Working in a transdisciplinary manner, we expect major results to impact understanding of reconciliation. The second major result impacts society; we want to deepen the understanding on how encounter groups can lead to greater willingness to reconcile. The project analyses individuals and groups experiencing the “suffering of the other” as a means for understanding how and why groups may become more or less open to reconciliation. This single question forms the focus of the project, which is addressed via three theoretical/methodological approaches:
1. Encountering the suffering of the other (ESO) “experientially”

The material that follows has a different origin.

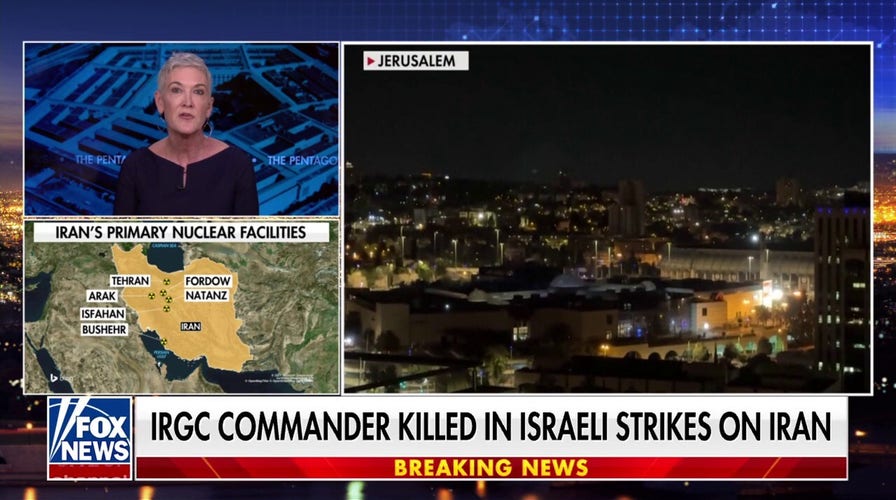 Second round of Israeli airstrikes has begun: Report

2. Analyzing the ESO through social psychological experimentation
3. Conceptual analysis of the ESO through theological/sociological/political disciplines
The first approach (A) explores the ESO before, during and immediately after the experience as well as one year later, during which the participants will live in their own home community. The study will carefully examine the possible changes among the Palestinian and the Jewish-Israeli participants, especially regarding two central indicators reflecting willingness to reconcile:
1. Acceptance of the “other” identity needs
2. Perceptions of collective narratives of the in-group and “other” group.

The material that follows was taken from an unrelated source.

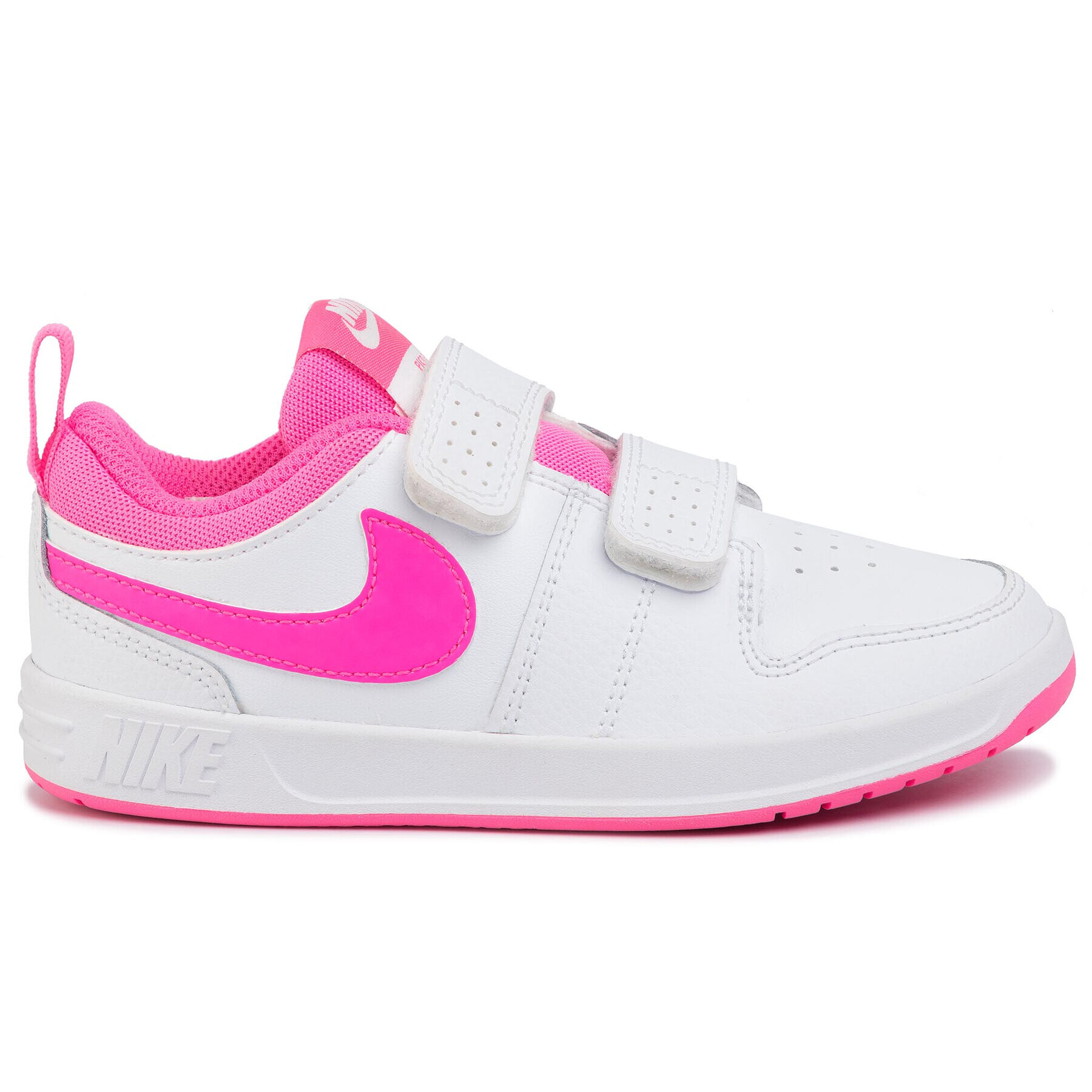 Nike Обувки Pico 5 (PSV) AR4161 102 Бял - Pepit.bg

In addition to assisting in the ESO itself, the second approach (B) addresses the question with the models and experiments of social psychology. The final approach (C) addresses the question on a more theoretical level. It examines the groups’ beliefs, attitudes, goals, narratives and their relative power positions – all elements which comprise and influence their social imaginations and group identities. In proposing such a study, we emphasize quite strongly that we are not comparing or equating the suffering of the two groups in any way.
The project is designed so that the basic models and principles can be established and evaluated in time for the 18 month mark in the second year. The subsequent three years are intended for further testing and refinement, of course, but also development of that learning into impact tools in the areas of pedagogy, encounter workshops, and negotiation principles. The project group is composed of scholars from many disciplines committed to helping and learning from each other. The leaders represent a great breadth of experience and expertise:
Martin Leiner (Jena) is a systematic theologian with expertise in media ethics and philosophy in addition to reconciliation.

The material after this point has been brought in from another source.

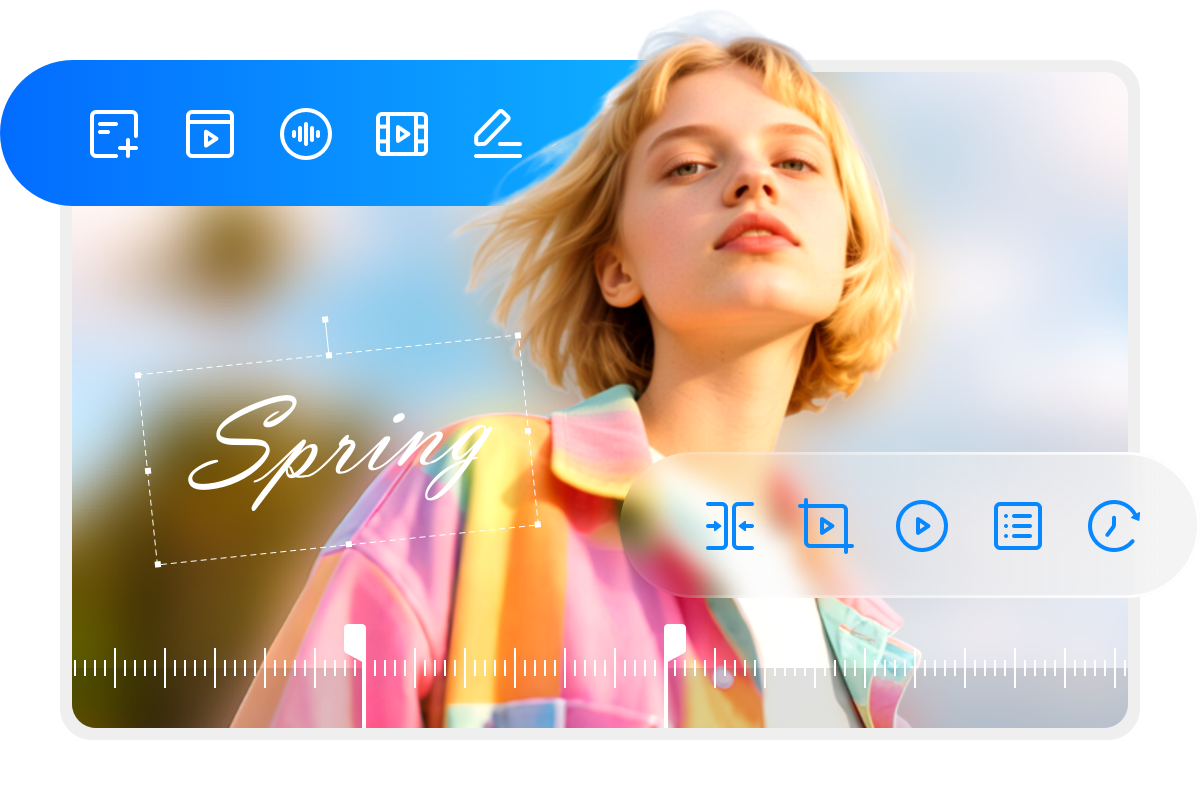 Personalize 4K BDAV Blu-rays with Built-in Editor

Mohammed S. Dajani Daoudi (Jerusalem) is a political scientist committed to the principle of moderation in a challenging political climate. Dajani’s organization Wasatia functions as the scholarly home for the Palestinian partners until we can association ourselves directly with Al Quds University – where both Mohammed and Munther Dajani Daoudi are heads of a department (American Studies) and a college (Faculty of Arts).
Arie Nadler (Tel Aviv) is a social psychologist who has developed differentiated models for the science of reconciliation. The ESO focus was his insight, and every aspect of the program benefits from his mentorship. He brought Shifra Sagy (Beer Sheba) to the project as a co-leader of the Israeli group because of her long experience and scholarship on encounter groups. She also brings the institutional support of Ben Gurion University and its Conflict Management and Resolution Program, which she leads.
In addition to the rigorous academic and ethical principles of our disciplines, two principles characterize our work.
First, the project is committed to transdisciplinarity (Mittelstraß, 2007) whereby the different disciplines work very closely in the development and testing of goals, concepts, experiments (including common discussion of measurement), as well as the evaluation and publication of the results.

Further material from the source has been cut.